İstanbul Büyükşehir Belediyesi tarafından belirlenen mezar yeri fiyatları belli oldu. İstanbul’daki bütün mezarlıklarda mezar yeri tahsisi için ücret alınıyor. Dört gruba ayrılan 564 mezarlığın fiyatları günün şartları, ekonomik göstergeler, mezar yerlerinin coğrafi ve fiziki özellikleri dikkate alınarak belirleniyor. Gömüleceğiniz yeri seçmek istiyorsanız bu haberi iyi okuyun. Sonuçta ölüm bize uğramak için her an hazırda bekliyor. İş cinayetleri, kadın cinayetleri, savaşlar…
Biliyorsunuz ki bu haber zenginler için yapılmıyor. Çünkü zaten hepsinin en iyi yerlerde aile mezarlıkları var. Dolayısıyla işçi kardeşlerim, bu reklam niteliğindeki haber hepimize gelsin.
Yıllarca güneş görmeyen evlerde yaşamış, yeşillikten mahrum kalanlar, ölünce nasıl bir yere gömülmek istersiniz?
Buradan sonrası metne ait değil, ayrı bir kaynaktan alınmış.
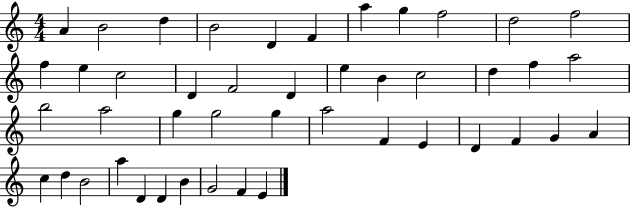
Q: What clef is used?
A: treble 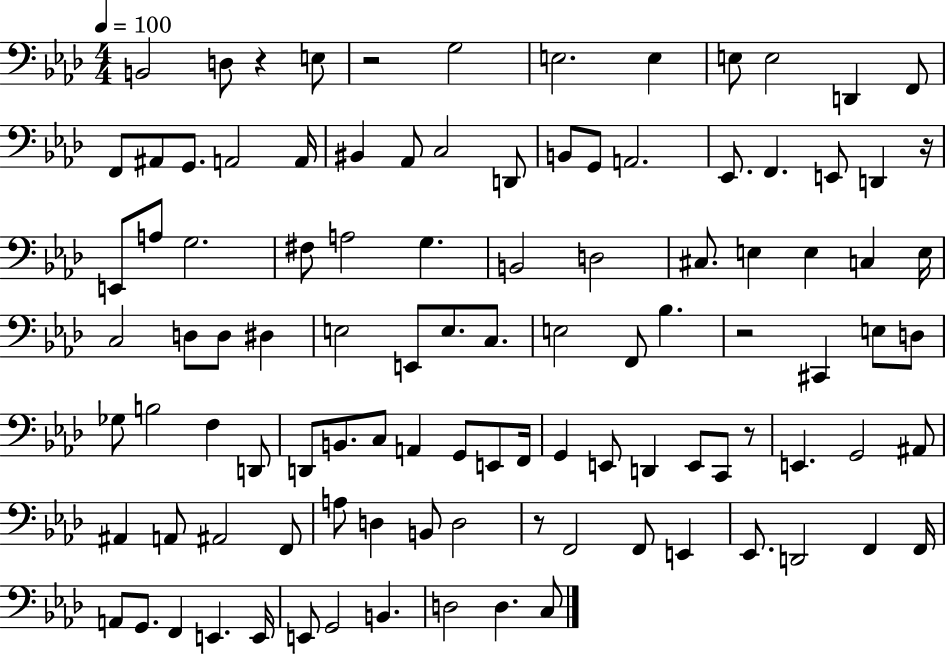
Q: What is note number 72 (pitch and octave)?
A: A#2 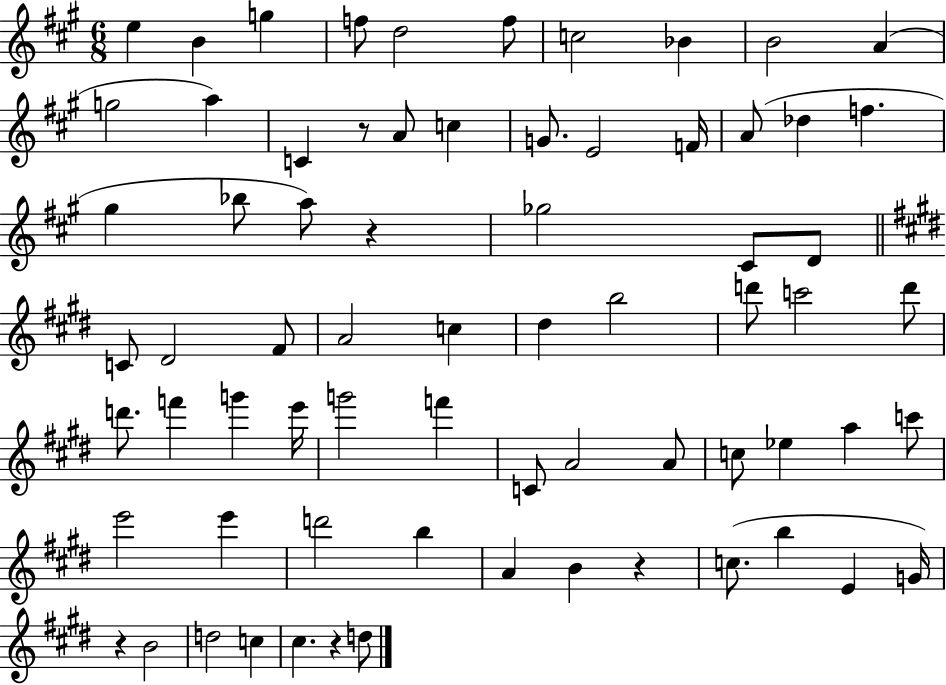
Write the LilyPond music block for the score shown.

{
  \clef treble
  \numericTimeSignature
  \time 6/8
  \key a \major
  \repeat volta 2 { e''4 b'4 g''4 | f''8 d''2 f''8 | c''2 bes'4 | b'2 a'4( | \break g''2 a''4) | c'4 r8 a'8 c''4 | g'8. e'2 f'16 | a'8( des''4 f''4. | \break gis''4 bes''8 a''8) r4 | ges''2 cis'8 d'8 | \bar "||" \break \key e \major c'8 dis'2 fis'8 | a'2 c''4 | dis''4 b''2 | d'''8 c'''2 d'''8 | \break d'''8. f'''4 g'''4 e'''16 | g'''2 f'''4 | c'8 a'2 a'8 | c''8 ees''4 a''4 c'''8 | \break e'''2 e'''4 | d'''2 b''4 | a'4 b'4 r4 | c''8.( b''4 e'4 g'16) | \break r4 b'2 | d''2 c''4 | cis''4. r4 d''8 | } \bar "|."
} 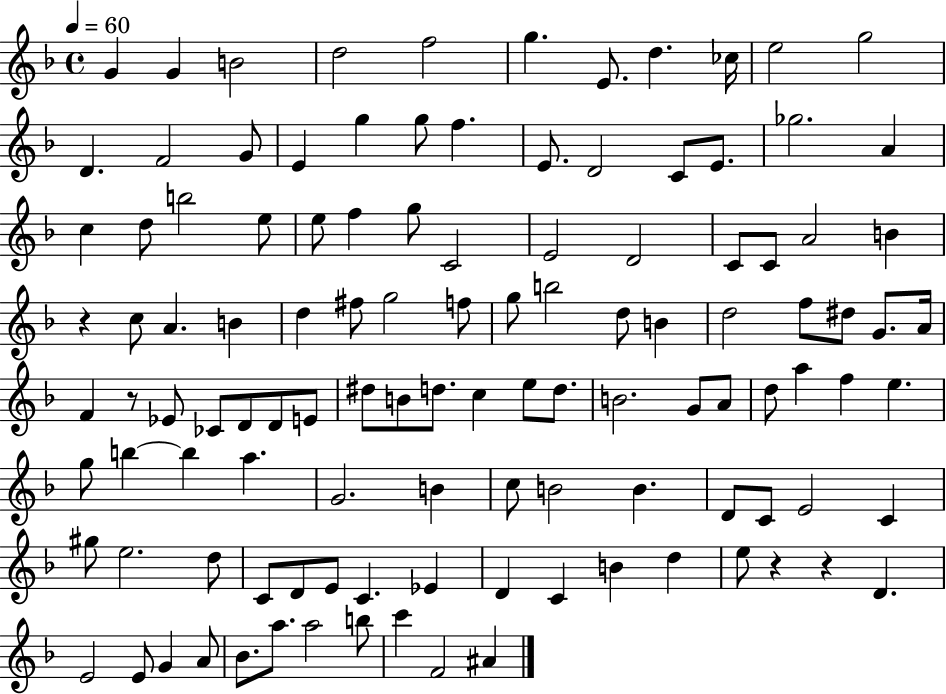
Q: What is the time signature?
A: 4/4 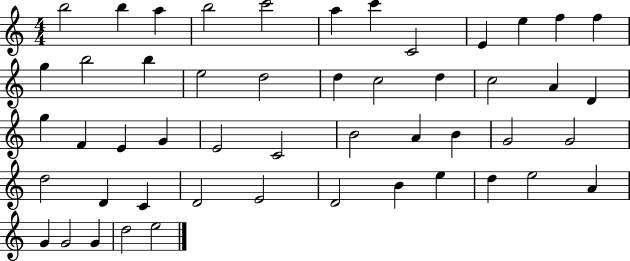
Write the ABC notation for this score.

X:1
T:Untitled
M:4/4
L:1/4
K:C
b2 b a b2 c'2 a c' C2 E e f f g b2 b e2 d2 d c2 d c2 A D g F E G E2 C2 B2 A B G2 G2 d2 D C D2 E2 D2 B e d e2 A G G2 G d2 e2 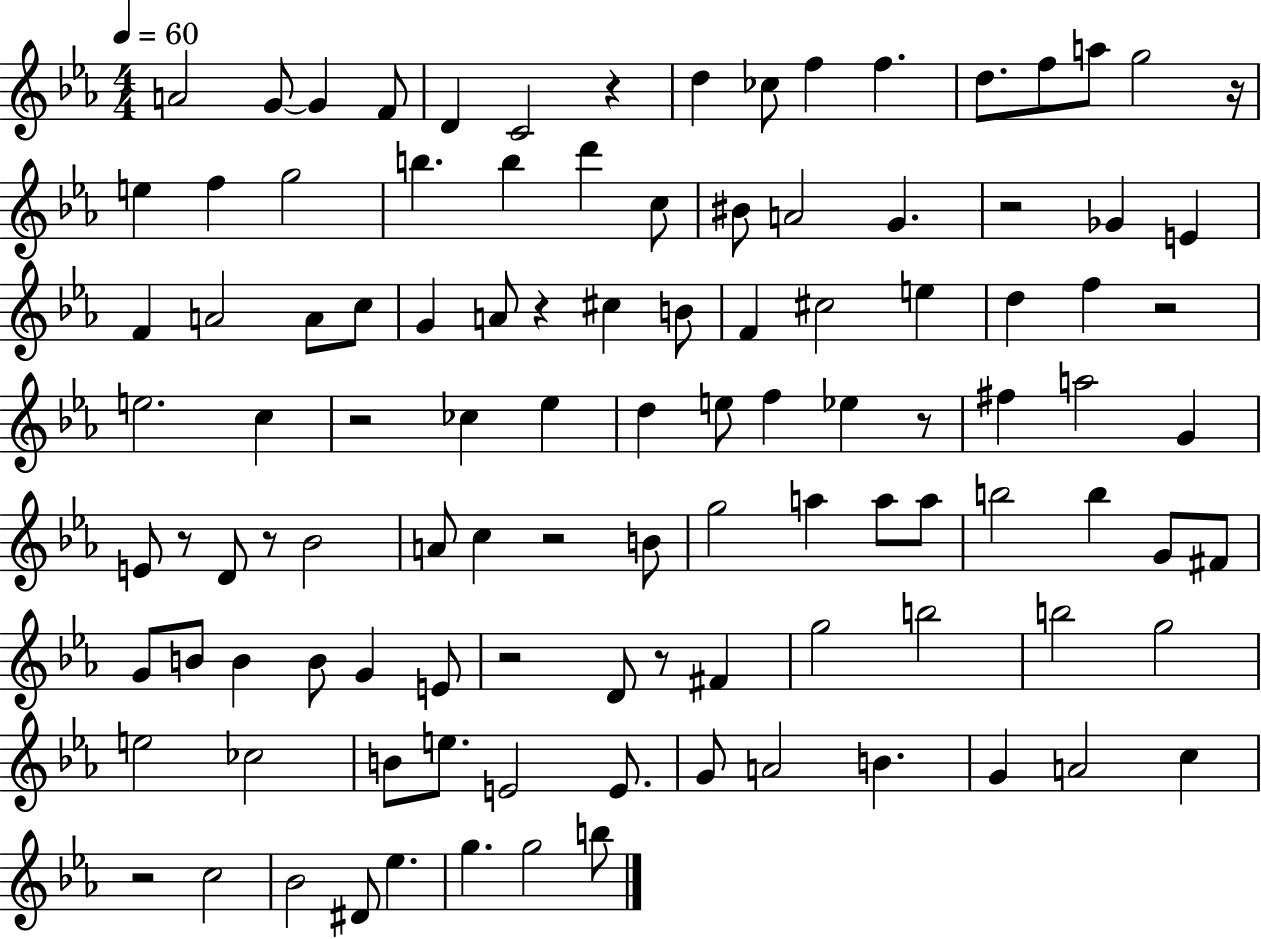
{
  \clef treble
  \numericTimeSignature
  \time 4/4
  \key ees \major
  \tempo 4 = 60
  a'2 g'8~~ g'4 f'8 | d'4 c'2 r4 | d''4 ces''8 f''4 f''4. | d''8. f''8 a''8 g''2 r16 | \break e''4 f''4 g''2 | b''4. b''4 d'''4 c''8 | bis'8 a'2 g'4. | r2 ges'4 e'4 | \break f'4 a'2 a'8 c''8 | g'4 a'8 r4 cis''4 b'8 | f'4 cis''2 e''4 | d''4 f''4 r2 | \break e''2. c''4 | r2 ces''4 ees''4 | d''4 e''8 f''4 ees''4 r8 | fis''4 a''2 g'4 | \break e'8 r8 d'8 r8 bes'2 | a'8 c''4 r2 b'8 | g''2 a''4 a''8 a''8 | b''2 b''4 g'8 fis'8 | \break g'8 b'8 b'4 b'8 g'4 e'8 | r2 d'8 r8 fis'4 | g''2 b''2 | b''2 g''2 | \break e''2 ces''2 | b'8 e''8. e'2 e'8. | g'8 a'2 b'4. | g'4 a'2 c''4 | \break r2 c''2 | bes'2 dis'8 ees''4. | g''4. g''2 b''8 | \bar "|."
} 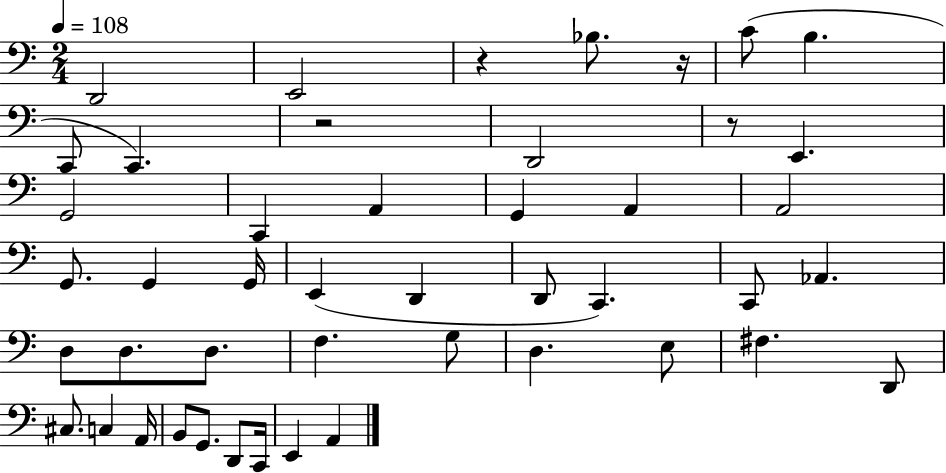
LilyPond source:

{
  \clef bass
  \numericTimeSignature
  \time 2/4
  \key c \major
  \tempo 4 = 108
  d,2 | e,2 | r4 bes8. r16 | c'8( b4. | \break c,8 c,4.) | r2 | d,2 | r8 e,4. | \break g,2 | c,4 a,4 | g,4 a,4 | a,2 | \break g,8. g,4 g,16 | e,4( d,4 | d,8 c,4.) | c,8 aes,4. | \break d8 d8. d8. | f4. g8 | d4. e8 | fis4. d,8 | \break cis8. c4 a,16 | b,8 g,8. d,8 c,16 | e,4 a,4 | \bar "|."
} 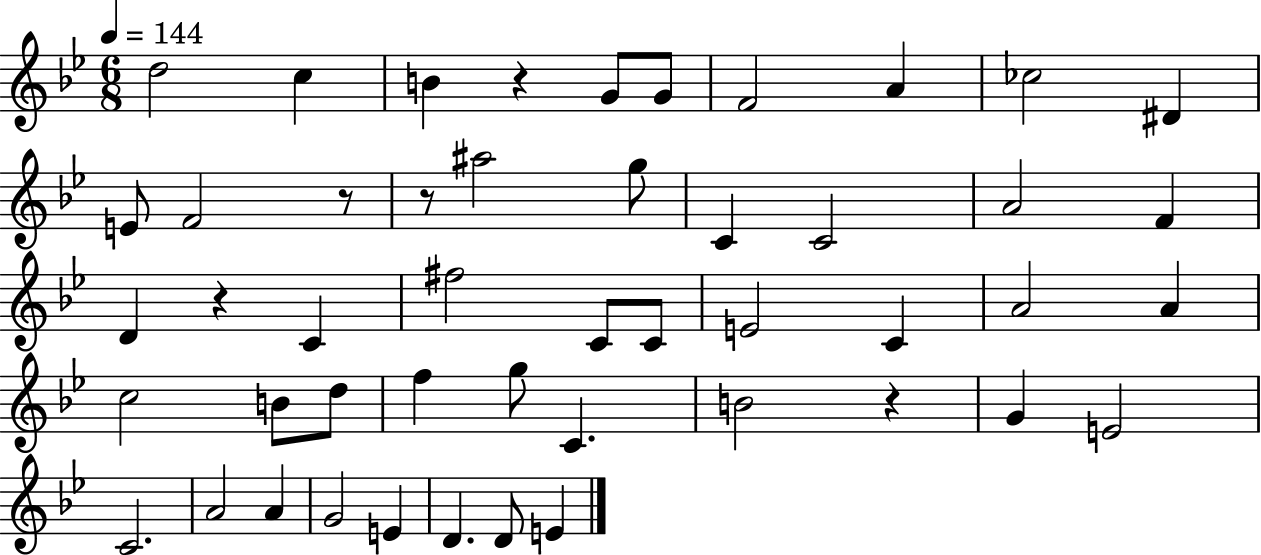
X:1
T:Untitled
M:6/8
L:1/4
K:Bb
d2 c B z G/2 G/2 F2 A _c2 ^D E/2 F2 z/2 z/2 ^a2 g/2 C C2 A2 F D z C ^f2 C/2 C/2 E2 C A2 A c2 B/2 d/2 f g/2 C B2 z G E2 C2 A2 A G2 E D D/2 E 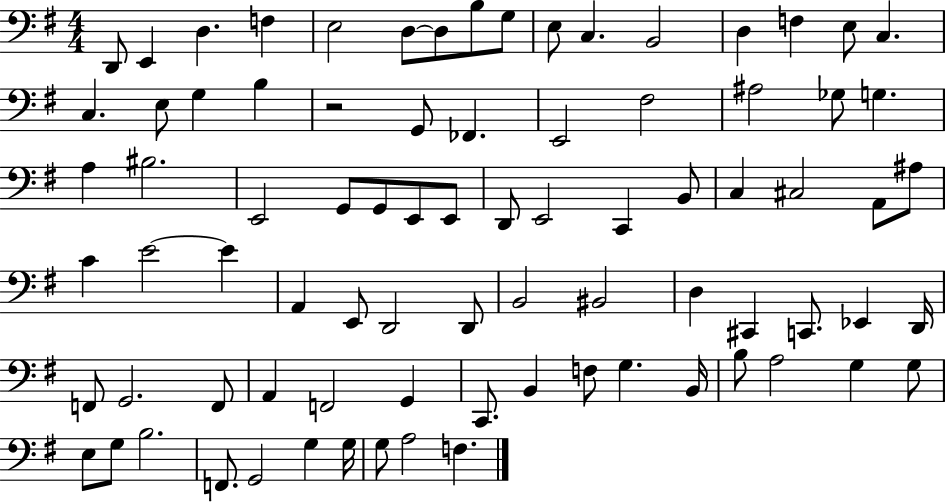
{
  \clef bass
  \numericTimeSignature
  \time 4/4
  \key g \major
  \repeat volta 2 { d,8 e,4 d4. f4 | e2 d8~~ d8 b8 g8 | e8 c4. b,2 | d4 f4 e8 c4. | \break c4. e8 g4 b4 | r2 g,8 fes,4. | e,2 fis2 | ais2 ges8 g4. | \break a4 bis2. | e,2 g,8 g,8 e,8 e,8 | d,8 e,2 c,4 b,8 | c4 cis2 a,8 ais8 | \break c'4 e'2~~ e'4 | a,4 e,8 d,2 d,8 | b,2 bis,2 | d4 cis,4 c,8. ees,4 d,16 | \break f,8 g,2. f,8 | a,4 f,2 g,4 | c,8. b,4 f8 g4. b,16 | b8 a2 g4 g8 | \break e8 g8 b2. | f,8. g,2 g4 g16 | g8 a2 f4. | } \bar "|."
} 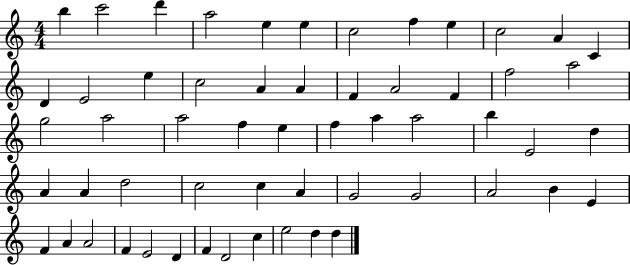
B5/q C6/h D6/q A5/h E5/q E5/q C5/h F5/q E5/q C5/h A4/q C4/q D4/q E4/h E5/q C5/h A4/q A4/q F4/q A4/h F4/q F5/h A5/h G5/h A5/h A5/h F5/q E5/q F5/q A5/q A5/h B5/q E4/h D5/q A4/q A4/q D5/h C5/h C5/q A4/q G4/h G4/h A4/h B4/q E4/q F4/q A4/q A4/h F4/q E4/h D4/q F4/q D4/h C5/q E5/h D5/q D5/q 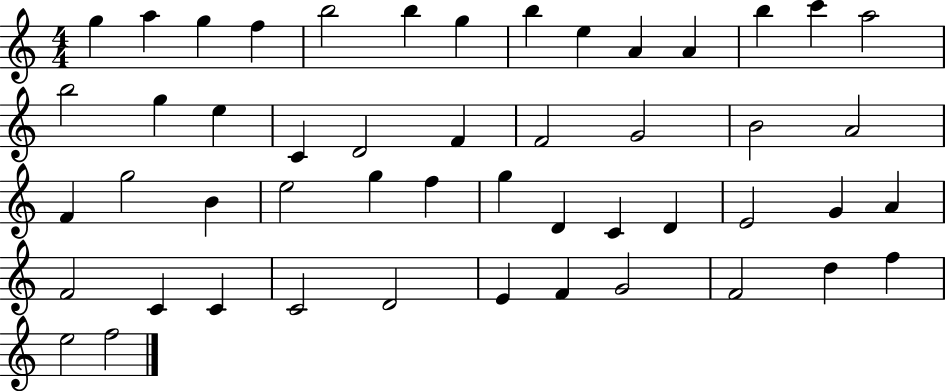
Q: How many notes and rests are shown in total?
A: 50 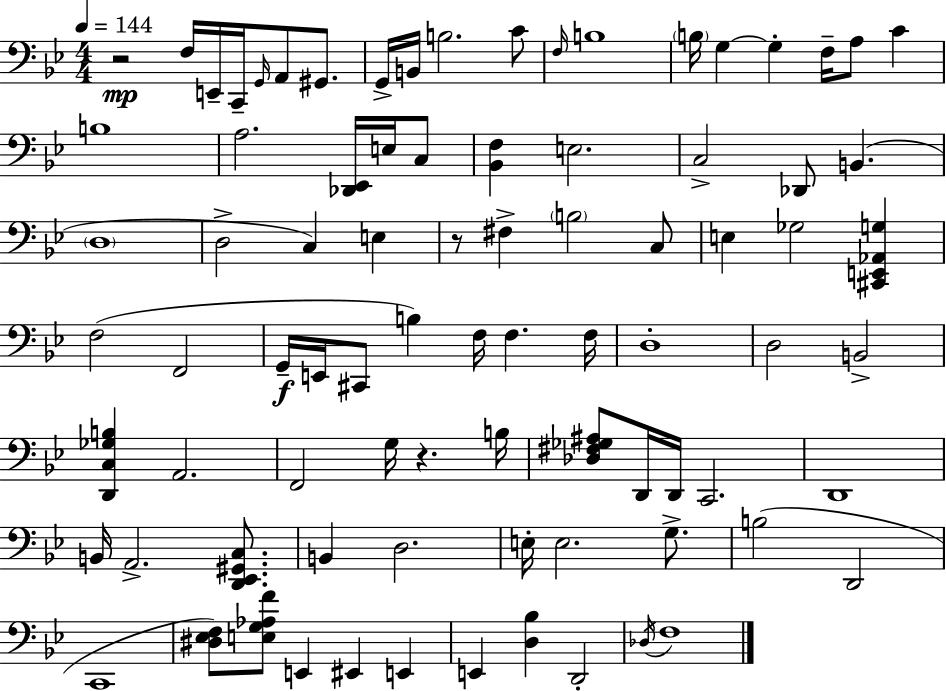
{
  \clef bass
  \numericTimeSignature
  \time 4/4
  \key g \minor
  \tempo 4 = 144
  r2\mp f16 e,16-- c,16-- \grace { g,16 } a,8 gis,8. | g,16-> b,16 b2. c'8 | \grace { f16 } b1 | \parenthesize b16 g4~~ g4-. f16-- a8 c'4 | \break b1 | a2. <des, ees,>16 e16 | c8 <bes, f>4 e2. | c2-> des,8 b,4.( | \break \parenthesize d1 | d2-> c4) e4 | r8 fis4-> \parenthesize b2 | c8 e4 ges2 <cis, e, aes, g>4 | \break f2( f,2 | g,16--\f e,16 cis,8 b4) f16 f4. | f16 d1-. | d2 b,2-> | \break <d, c ges b>4 a,2. | f,2 g16 r4. | b16 <des fis ges ais>8 d,16 d,16 c,2. | d,1 | \break b,16 a,2.-> <d, ees, gis, c>8. | b,4 d2. | e16-. e2. g8.-> | b2( d,2 | \break c,1 | <dis ees f>8) <e g aes f'>8 e,4 eis,4 e,4 | e,4 <d bes>4 d,2-. | \acciaccatura { des16 } f1 | \break \bar "|."
} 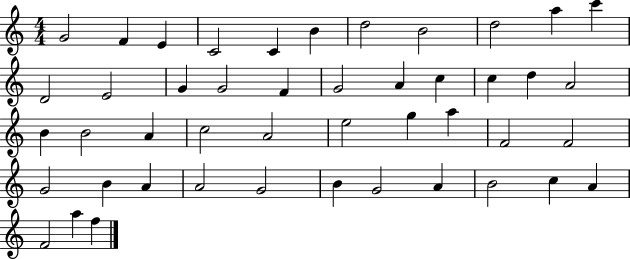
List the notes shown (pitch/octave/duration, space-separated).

G4/h F4/q E4/q C4/h C4/q B4/q D5/h B4/h D5/h A5/q C6/q D4/h E4/h G4/q G4/h F4/q G4/h A4/q C5/q C5/q D5/q A4/h B4/q B4/h A4/q C5/h A4/h E5/h G5/q A5/q F4/h F4/h G4/h B4/q A4/q A4/h G4/h B4/q G4/h A4/q B4/h C5/q A4/q F4/h A5/q F5/q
Deniz ve orman manzaralı diyorsanız birinci gruptan mezarlık alabilirsiniz. Bunun için yaklaşık 25 bin liranız olması yeterli. “Zaten asgari ücret alıyorum, o kadar param yok” diyorsanız tüm bankalarda yüksek faizli krediler emrinize amade. Unutmayın Karacaahmet Mezarlığı gibi birinci gruba giren bu mezarlıklarda güvenlik üst mertebede. Her gün mezarlar düzenli olarak sulanır ve çıkan yabani otlar itina ile temizlenir. Biliyorsunuz ki işyerlerimizde bile iş güvenliği yokken bu fırsat kaçmaz! Uygun fırsatlar arayanlar için ölüm sonrası masraf 6 bin liraya iniyor. Ulaşımı rahat ve merkezi. Ama metrobüse biraz uzak düşebilir.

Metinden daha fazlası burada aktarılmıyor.